Mortgage Advice Bureau research claimed that a combination of rising house prices and rock bottom mortgage rates was prompting homeowners to release an average of £9,000 of equity from their homes.
The firm said the typical customer looking to remortgage in Q1 2015 had a home worth £248,191, up 7.9% from £230,100 in Q1 2014 - giving people an extra £18,091 of property equity.
The broker firm suggested that rather than leaving the extra £18,091 of equity in their home and letting rising prices reduce their borrowing as a percentage of the property’s value, homeowners are instead looking to cash in some of their equity gains by remortgaging to borrow £9,069 more on average than a year ago.
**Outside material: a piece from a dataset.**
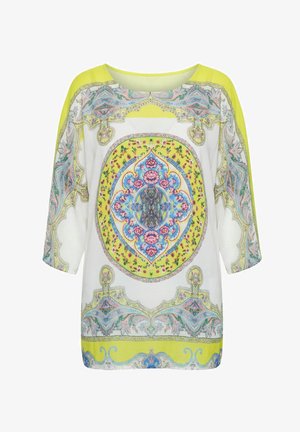 Biała i żółta bluzka z długim rękawem z misternymi kwiatowymi i geometrycznymi wzorami w kolorach niebieskim, różowym i zielonym na przodzie i rękawach.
Brian Murphy, head of lending at Mortgage Advice Bureau, said: “The fact that many people’s properties have gained in value over the last year offers some the chance to take the same percentage loan that they would have done if they remortgaged 12 months ago and give themselves a significant cash boost.”
As well as seeking bigger loans Murphy said customers looking to remortgage are also increasingly keen to stretch their repayments over longer terms.
While 76% searched for a minimum 25-year loan term in Q1 2014, this increased by ten percentage points to 86% in Q1 2015, he said.
He added that the percentage of customers citing past credit difficulties when searching for a purchase mortgage dropped from 3% in Q1 2014 to less than 1% in Q1 2015.
There was an even bigger shift among remortgage customers, where the percentage reporting past difficulties dropped from 6% to less than 1% over the same period.
Murphy said this trend suggested that fewer customers with past difficulties have been motivated to seek a new loan since the Mortgage Market Review took effect in Q2 2015 – or that those in this situation are less included to disclose an imperfect credit history when investigating a mortgage deal online.
Speaking at the HSBC Great Housing Market Debate earlier this week Robert Sinclair, chief executive of the Association of Mortgage Intermediaries, said: "The people who are being excluded from this market is not the 4% to 5% that the Financial Services Authority said would be the case under MMR.
"The intermediary and broker community know it is considerably more than that – somewhere between 25% and 40% would be excluded under MMR if they came to market and had the confidence to ask for a mortgage.
"Many millions of mortgage customers are afraid even to ask if they can get the mortgage that they currently have from another lender."